Nikolai, I have a same problem when has added second node RHEV-H 3.6. All nodes resolvable and additionally I add all nodes in all /etc/hosts files. Do nothing. Then I saw tcpdump traffic between RHEV-M, RHEV-H, DNS servers. RHEV-M: 10.77.157.11, name is cloud DNS: 10.77.157.12, name is dns RHEV-H: 10.77.157.234, name is aries-03 RHEV-M wants resolve RHEV-H as localhost.localdomain and wants to established ssh to it: 10:56:28.973215 IP 10.77.157.11.35711 > 10.77.157.12.53: 39710+ A? localhost.localdomain. (39) 10:56:28.973233 IP 10.77.157.11.35711 > 10.77.157.12.53: 27460+ AAAA? localhost.localdomain. (39) 10:56:28.973939 IP 10.77.157.12.53 > 10.77.157.11.35711: 39710 Refused- 0/0/0 (39) 10:56:28.973954 IP 10.77.157.12.53 > 10.77.157.11.35711: 27460 Refused- 0/0/0 (39) 10:56:28.974035 IP 10.77.157.11.35711 > 10.77.157.12.53: 39710+ A? localhost.localdomain. (39) 10:56:28.974054 IP 10.77.157.11.35711 > 10.77.157.12.53: 27460+ AAAA? localhost.localdomain. (39) 10:56:28.974635 IP 10.77.157.12.53 > 10.77.157.11.35711: 39710 Refused- 0/0/0 (39) 10:56:28.974646 IP 10.77.157.12.53 > 10.77.157.11.35711: 27460 Refused- 0/0/0 (39) When add string on RHEV-M /etc/hosts: 10.77.157.234 aries-03 localhost.localdomain Installation was completed... Why does RHEV-M tried resolve localhost.localdomain?
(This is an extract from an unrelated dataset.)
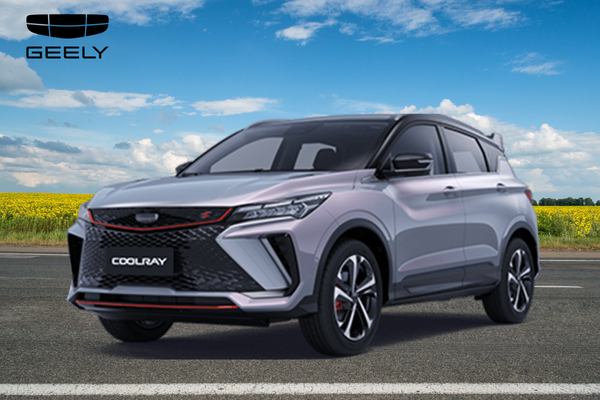 GEELY COOLRAY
(In reply to Artem Aronchikov from comment #11) > Nikolai, I have a same problem when has added second node RHEV-H 3.6. > All nodes resolvable and additionally I add all nodes in all /etc/hosts > files. > Do nothing. > Then I saw tcpdump traffic between RHEV-M, RHEV-H, DNS servers. > RHEV-M: 10.77.157.11, name is cloud > DNS: 10.77.157.12, name is dns > RHEV-H: 10.77.157.234, name is aries-03 > > RHEV-M wants resolve RHEV-H as localhost.localdomain and wants to > established ssh to it: > > > 10:56:28.973215 IP 10.77.157.11.35711 > 10.77.157.12.53: 39710+ A? > localhost.localdomain. (39) > 10:56:28.973233 IP 10.77.157.11.35711 > 10.77.157.12.53: 27460+ AAAA? > localhost.localdomain. (39) > 10:56:28.973939 IP 10.77.157.12.53 > 10.77.157.11.35711: 39710 Refused- > 0/0/0 (39) > 10:56:28.973954 IP 10.77.157.12.53 > 10.77.157.11.35711: 27460 Refused- > 0/0/0 (39) > 10:56:28.974035 IP 10.77.157.11.35711 > 10.77.157.12.53: 39710+ A? > localhost.localdomain. (39) > 10:56:28.974054 IP 10.77.157.11.35711 > 10.77.157.12.53: 27460+ AAAA? > localhost.localdomain. (39) > 10:56:28.974635 IP 10.77.157.12.53 > 10.77.157.11.35711: 39710 Refused- > 0/0/0 (39) > 10:56:28.974646 IP 10.77.157.12.53 > 10.77.157.11.35711: 27460 Refused- > 0/0/0 (39) > > When add string on RHEV-M /etc/hosts: > 10.77.157.234 aries-03 localhost.localdomain > Installation was completed... > > Why does RHEV-M tried resolve localhost.localdomain? It's an ordering problem in /etc/hosts. The RHEV-H codebase used augeas to set an additional alias on 127.0.0.1, but didn't actually change the hostname which was resolved (the patch fixes this). Ordering /etc/hosts as you did ($address $hostname $[aliases...]) is a valid workaround, though
This bug got closed, because a code-level fix for this issue will not be available in RHEV 4.0. But this issue will be fixed from a functional perspective, because the fix to this issue is covered by the migration to Cockpit for administration.
Re-opening because this bug got closed accidentally.
My bad, there was already a 3.6.z fix.